TASK DETAILS – Line by line, retype the material exactly and leave each picture out.

DATA BELOW –

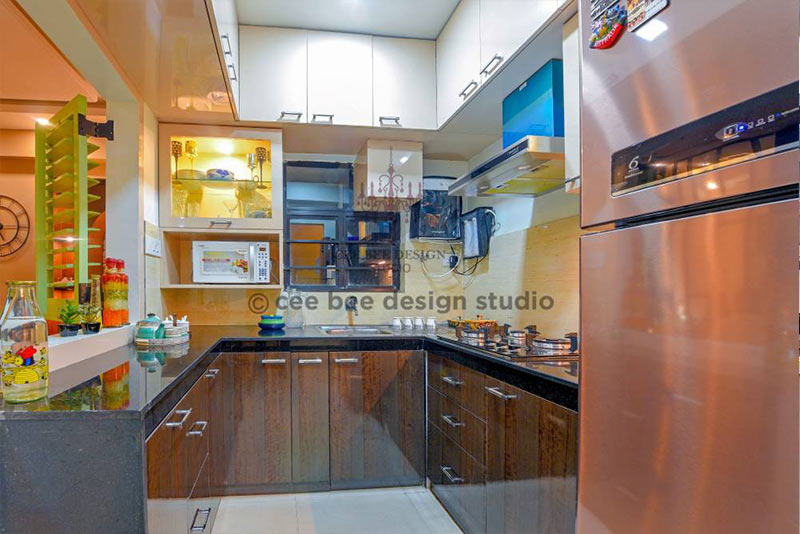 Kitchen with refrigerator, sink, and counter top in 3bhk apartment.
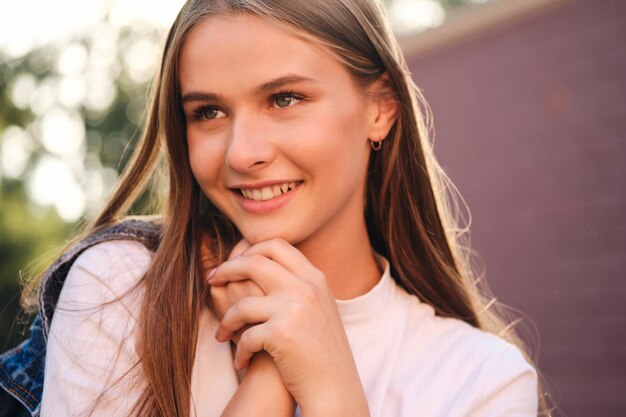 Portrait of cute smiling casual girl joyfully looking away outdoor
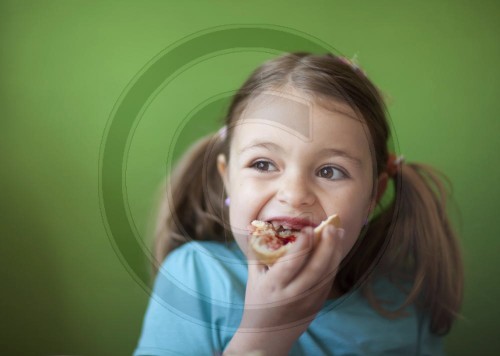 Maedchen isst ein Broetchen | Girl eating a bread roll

SOLVED EXERCISE –
 Kitchen with refrigerator, sink, and counter top in 3bhk apartment.
 Portrait of cute smiling casual girl joyfully looking away outdoor
 Maedchen isst ein Broetchen | Girl eating a bread roll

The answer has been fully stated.